|Posted by Admin on June 16, 2015 at 10:35 PM|
Unidentified rolling object
The day came for us to pull out. The car was already packed, but we added a car top carrier and piled it about four feet high with last minute stuff we suddenly realized we couldn’t do without. The trunk was full. We had included pretty much everything except the stopper for the Pacific Ocean. And we were only carrying the bare necessities. I knew I would be needing those two antique leather bound tomes of Shakespeare that I had bought in a pawn shop for five dollars apiece. Together they wouldn’t weigh over forty pounds. I was taking a big block of solid walnut that I wanted to carve something out of sooner or later, and a few oil paintings I had done in class, so I could show the folks back home what I’d been learning.
Mick had his sea bag full of dirty clothes, but nothing else, except a pack of Kools he had swiped off Pop’s dresser.
It was Leon who showed me that I had no imagination at all when it came to packing only those items that were absolutely necessary to the trail.
Leon was bringing his scooter. You know…a scooter, like you stand on with one foot and push with the other. And he couldn’t do without his basketball, fully inflated. I didn’t recognize everything Leon threw in, but I wasn’t going to let him outdo me. I wedged my guitar in. Now we were prepared for any possible emergency. A body never knows when he’s liable to be needing a basketball, or a guitar, or his scooter.
Jackie…I don’t remember him taking anything along but the clothes on his back.
By the time we all got in, the old Ford was hunkered down so low that one of my sister Carla’s kittens couldn’t have crawled underneath. The running boards scraped the curb as we eased out into Steveanne Street. I wrestled the wheel around and got the car pointed in the right direction before I looked back over my shoulder to take a last look at my California home.
The picture is printed forever in my memory – the basic pink stucco tract home with garage, in this case overflowing with old TV’s, radios and other junk Pop collected to tinker with while learning electronics by home correspondence course. I remember the weed box underneath the kitchen window ( no flowers would ever grow there ). The family was standing on the sidewalk waving goodbye. My three-year-old sister Carla had one of her luckless little kittens by the tail, idly kicking it in the head to make it swing while she waved bye-bye with the other little brown hand. Pop wore a combination worried – relieved expression as he watched us creep away. My stepmother Ethel was shaking her head at the moving mountain of machinery, people and junk. She was mumbling to herself, “They’ll never make it…they’ll never make it.”

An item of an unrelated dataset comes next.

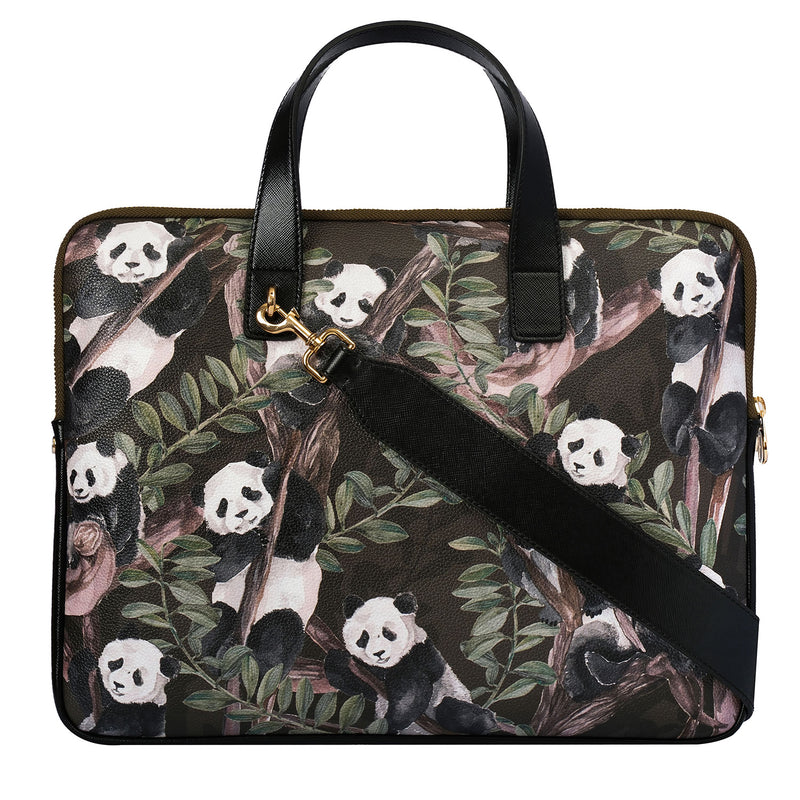 Petra Laptop Bag Panda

Blinking back a tear, I faced resolutely ahead, took a firm grip on the steering wheel and floorboarded it. A little kid eating a popsickle whizzed past us on rollerskates. His backwash rocked our car. I held the gas pedal down, and gradually we drew even with the next door neighbor’s house. We were picking up steam. We caught up with the kid on skates and passed him. The car strained ahead as I shifted into second gear, and we were on our way.
An hour later we were still fighting traffic through town when Jackie says, “Are we there yet?” Leon says, “I gotta use the bathroom.” And Mick says…well, maybe I better not say what Mick said.
As it worked out, we had to stop anyway, because the car quit on us. One minute we’re rolling along, and then suddenly the motor just dies. We coasted into a service station that happened to be handy, and the guy there checked under the hood. He informed us that we had us a vapor lock. I thought he was making some kind of crack about our intelligence or something, and commenced to get mad. But he explained that a vapor lock had something to do with overheating, so that the gas would vaporize before it got into the carburetor, or something. When that happened, he said, we had two options; we could either pour cold water on the fuel pump, or we could just sit and wait for it to cool off. Then the car would start and everything would be hunky-dory. Until it overheated again. No big deal. It didn’t happen too often, and we needed to stop and rest every now and then anyway. We’d definitely get there sooner or later, maybe.
Little by little we made it out of town without the cops stopping us. Not that we were speeding or anything. We were more like, obstructing traffic. I guess the cops figured it was better to go ahead and allow us to escape from their jurisdiction rather than to try to describe our vehicle in their report.